"Not sure I can find words to say how glad I am I found her!
First there was the free 10-minute session she offered at the Energy Healing Conference in Ogden, Utah. In that short amount time, without any prior discussion, she tuned into me and showed me exactly what I needed to see. It was awesome that she was talking with me about things I hadn't told her, as though I had, telling me things I had not recognized but that were 100% true.
I'm not sure how to explain exactly what a session with her is like. I think I'll get a little personal here so you can see what I'm talking about. This was just one of many insights she showed me in just those 10 minutes:
"I feel like you're getting close to forgiving them, but you're still holding yourself accountable for what happened. As long as you do that, you won't be able to truly forgive them and let it go. You see the best and highest good in everybody. How could you have known beforehand what they were going to do? You couldn't. So stop beating yourself up about it."

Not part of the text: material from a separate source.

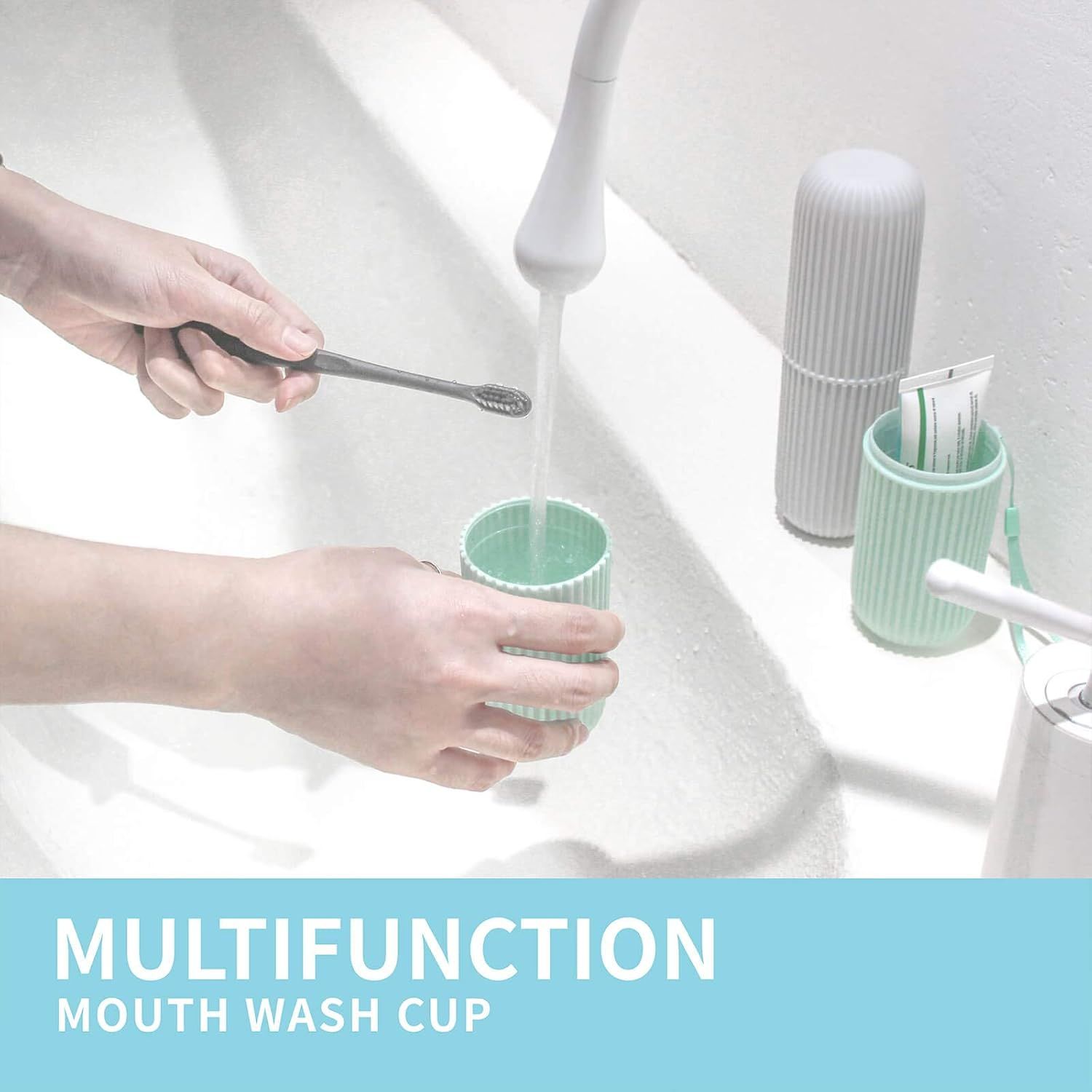 2Pcs Travel Toothbrush Holder, Portable Toothbrush Case for Traveling, Camping, Business Trip and School, Multifuction Plastic Toothbrushes Toothpaste Set with — image 5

Boom! Nailed it. Her insight carried me through another 2 months of healing. After a full 60-minute session with her today, I feel like I'm set now for a long, long time. It was money very well spent!

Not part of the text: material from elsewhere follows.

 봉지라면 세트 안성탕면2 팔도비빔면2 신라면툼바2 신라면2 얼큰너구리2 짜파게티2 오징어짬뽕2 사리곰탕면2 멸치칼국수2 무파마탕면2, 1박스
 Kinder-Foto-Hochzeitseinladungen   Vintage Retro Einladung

So there you go. She's got a wonderful gift and she's using it to help others. Love it. Thanks Misty!" ~ Alisa Smith
"I see you as a gifted healer; an angel messenger for others." ~ Wynde
"Thank you! I wish I had recorded it all instead of taking notes. There was so much on point information, I am very excited for the impact this knowledge will have in my journey. Bless you!" ~ Dorothy JD Guinn
"Thank you Misty for an amazing session! You had so much information to share which I consider life-transforming. I highly recommend Misty's Intuitive Reading events." ~ Allen Dee Geddes
I have been meaning to write you for a long time now. I wanted to thank you for the talk we had at the fair. It was hard at the time to intake all that you were telling me. I now know the strength that it has given me. You helped me grow as a person so I wanted to thank you for opening up with me." ~ Brittany M.

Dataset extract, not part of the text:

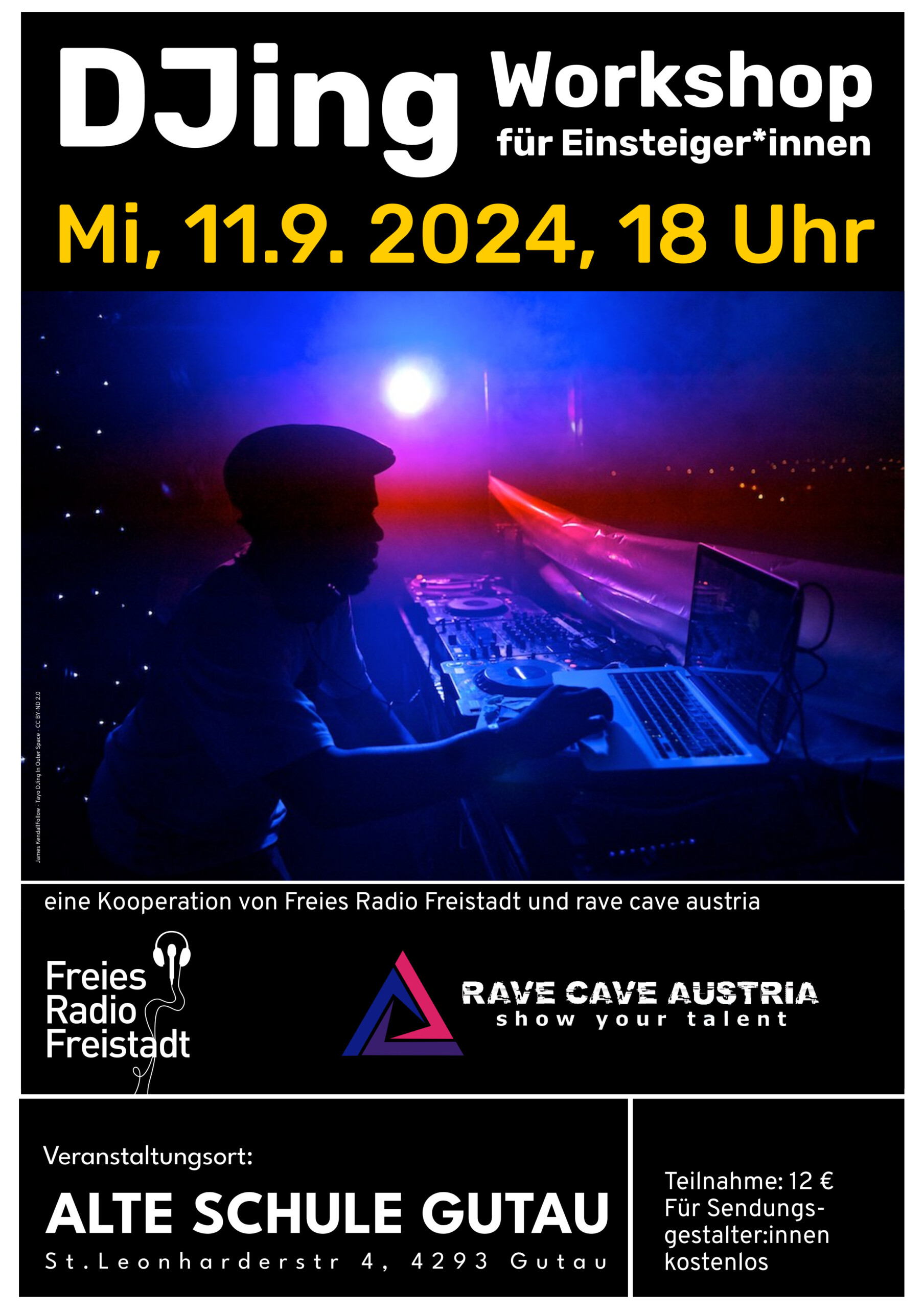 Mi, 11.9.24 | DJing-Workshop von rave cave austria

"Just thought you might be interested in knowing my thoughts after my reading from you after the South Towne conference. You had a huge impact on my transition back to "real" life after I lost my husband to suicide a few short months prior to meeting you.
I just want to express my thanks to you for
Your spirit and for sharing your talent with others.
Christ Centered Energy Healing Conference in SLC. I just got done with a "reading." 10 minutes of someone else's interpretation of me. And it's crazy, right, because I had tried to sign up for a session earlier but they were all full. So I got on a backup list, they were going to text me if they had an opening or someone who didn't show up. So as I'm headed out the door to go home I get a text from them. Tired(I've been awake since 3:30am), I struggle with my decision to go back in. But decide it might be kind of fun. When I get there, the person that was scheduled also shows up. "Its ok" I say as I turn to walk away, "I understand." But they tell me they'll work me in.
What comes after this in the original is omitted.